Do renters need more government help? | WORLD
Logo
Sound journalism, grounded in facts and Biblical truth | Donate

Do renters need more government help?

0:00

WORLD Radio - Do renters need more government help?


MARY REICHARD, HOST: It’s Tuesday the 16th of February, 2021.

Glad to have you along for today’s edition of The World and Everything in It. Good morning, I’m Mary Reichard.

NICK EICHER, HOST: And I’m Nick Eicher. First up: COVID-19 and rent.

Since last March, most renters who miss payments cannot be evicted. It’s part of an order under the government’s broad authority to curb the spread of disease. This COVID order extends through March 31st.

REICHARD: Additionally, those who can’t pay can apply for help through a rental assistance program approved by Congress last year. It includes about $25 billion for qualified tenants. 

And the assistance fund could soon grow: President Biden’s proposed stimulus package promises another $30 billion for renters and landlords.

EICHER: Is all that federal rent assistance really necessary? WORLD’s Sarah Schweinsberg reports.

SARAH SCHWEINSBERG, REPORTER: Aden Batar works with more than 100 refugee families in the Salt Lake City area. His agency, Catholic Community Services, helps them get settled. 

BATAR: When they arrive, it is our responsibility to find housing for them wherever we can find it. 

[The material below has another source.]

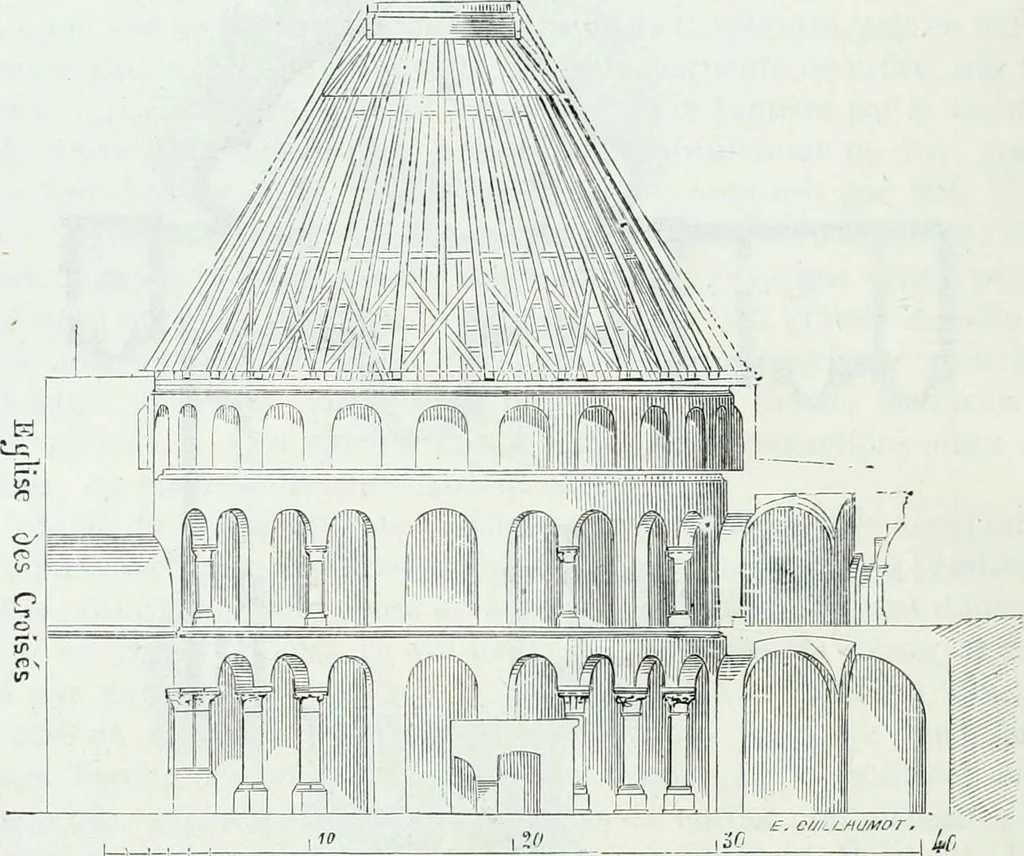 An illustration from Dictionnaire raisonné de l'architecture française du XIe au XVIe siècle, 1858, leaf 289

How many of these families live in rental housing? 

BATAR: All of them. 

Batar says the refugee community has had a difficult year. Most refugees work in service and labor-intensive jobs making $10 to $15 an hour. Most rent a three bedroom apartment for around $1,500 a month. 

BATAR: It takes at least two, two income to pay for those housing. 

But with COVID business closures and children home from school, some parents haven’t been able to work as much. Batar says 40 percent of his refugee families have asked for rent assistance this year. 

Batar says the eviction moratorium has been helpful because it offers families flexibility on payments. Flexibility, but not a free pass.

Even though landlords can’t evict families right now, not paying rent at all would have long-term consequences. 

BATAR: We don’t want anyone to have credit issues, right. So because landlords will report to the credit bureaus, we always encourage them to have their American Dream right to own their own homes. And so it is important that they financially become self sufficient, and also build their credit. 

Batar says stimulus checks and rental assistance have helped keep families from falling too far behind.

Landlords and property owners say federal money helps them, too. Bob Pinnegar heads the National Apartment Association. 

Even with government help, Pinnegar says some property owners are losing money every month because they can’t evict delinquent tenants.  

PINNEGAR: One of my volunteer leaders had a conversation with an operator out of Florida. And they were sharing that their uncollected rents is approaching a million dollars a month. So there is distress out there. 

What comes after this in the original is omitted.